Saved entries

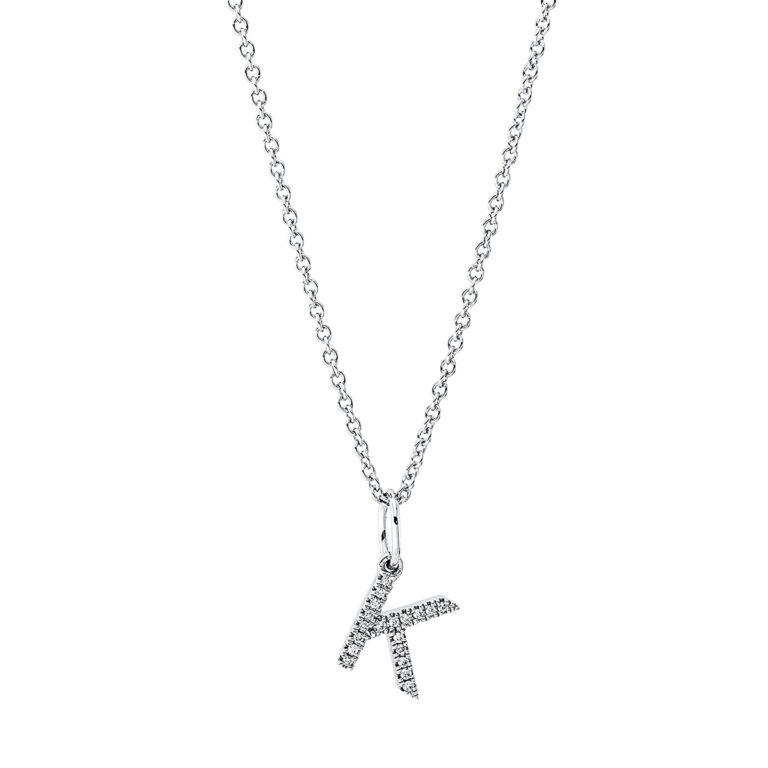Collier 18 kt WG "K", mit ZÖ 42 cm
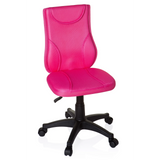 Roze Kinder bureaustoel KIDDY BASE met netrug en zwart vijfpootkruis met wieltjes van hjh OFFICE – 360-gradenweergave (vooraanzicht 20°)
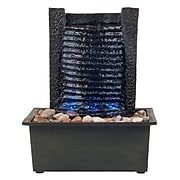 Pure Garden LED Waterfall Tabletop Fountain with LED Lights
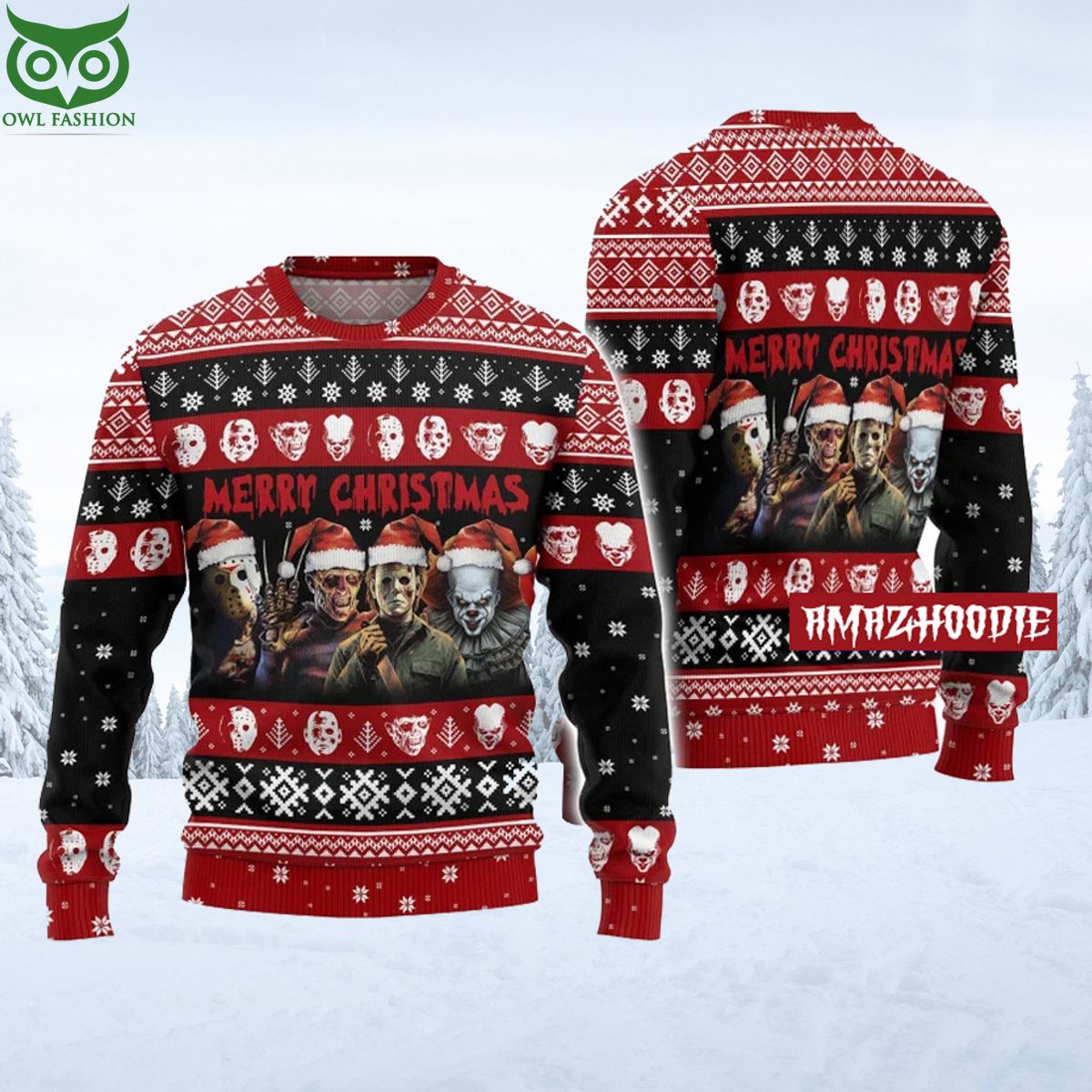 Michael Myers Horror Movie Christmas 3D Ugly Sweater - Adult & Kids T-Shirts, Sweatshirts & Hoodies apparel design preview 1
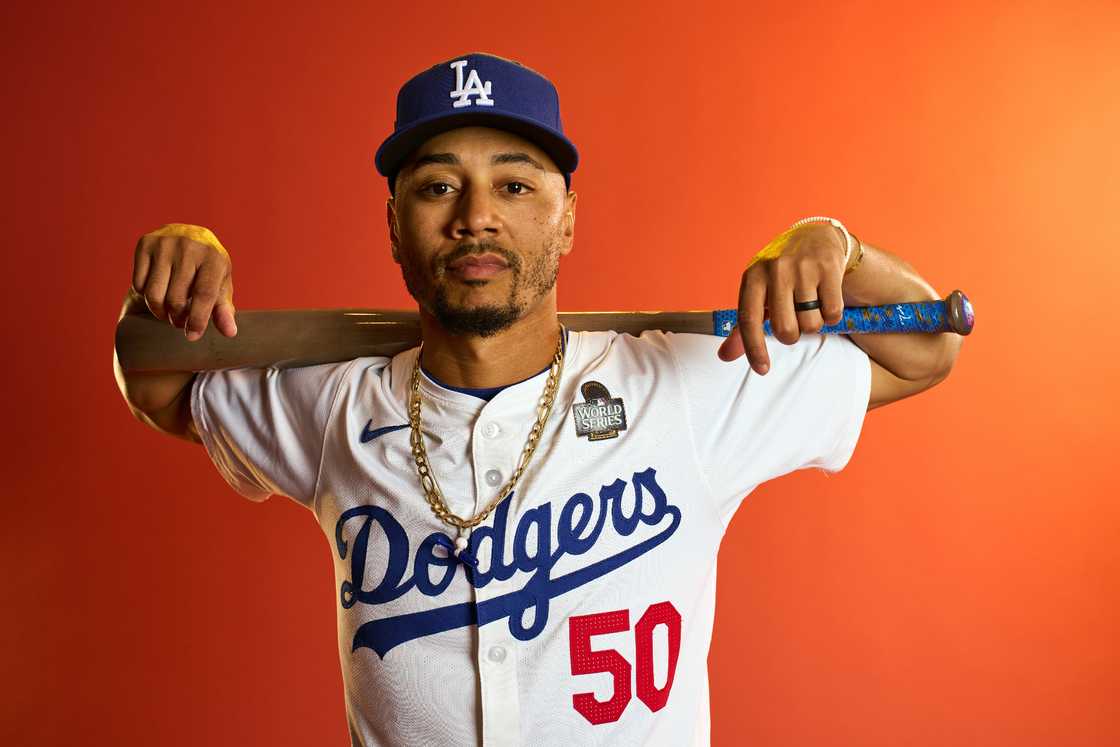 Mookie Betts poses for a photo during the workout day before the 2024 World Series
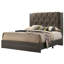 Lit pour grand lit moderne, finition grise, tête de lit, lit en bois d'hévéa pour chambre à coucher, gris, cadre, classique-401627348-401627306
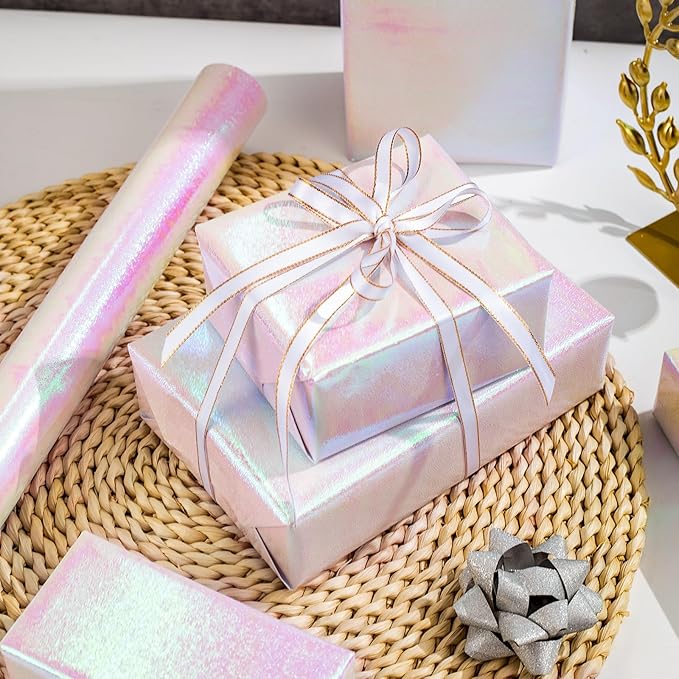 Yarcony Pink Holographic Wrapping Paper - 17Inch X 32.8Feet - Shiny Pink Iridescent Sparkle Wrapping Paper Embossed Gift Wrap Present for Birthday Wedding Bridal Shower Valentine's Day Mother's Day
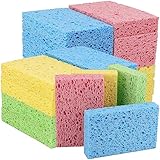 ZEONHEI 24 Stück Öko-Spülschwämme, bunte kompostierbare Schwämme, natürliche...
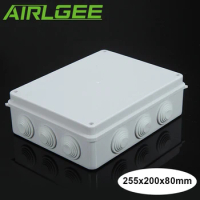 255x200x80mm ABS Plastic Waterproof Case IP65 Electronics Junction Box Sealed housing Terminals Wires connect Box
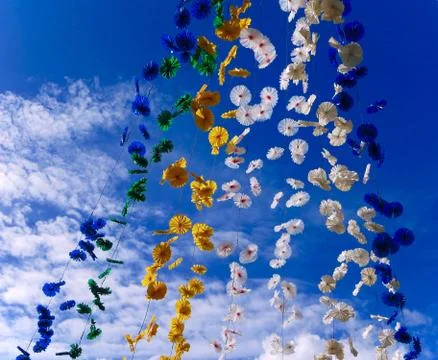 Paper chain with flowers Stock Photos
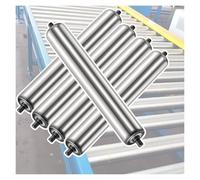 5 Pcs Galvanized Steel Conveyor Rollers, 1.5 Inch Diameter (38MM), 25.6 Inch Length (650MM) - Smooth Movement Replacement Rollers for Loading Applications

* **THE TASK**:
Please repeat, exactly as written, the lines in the records above, starting with the one that has "Pure Garden LED" and going on through the one that has "Michael Myers Horror". Pictures are to be left out.

* **COMPLETED TASK**:
 Pure Garden LED Waterfall Tabletop Fountain with LED Lights
 Michael Myers Horror Movie Christmas 3D Ugly Sweater - Adult & Kids T-Shirts, Sweatshirts & Hoodies apparel design preview 1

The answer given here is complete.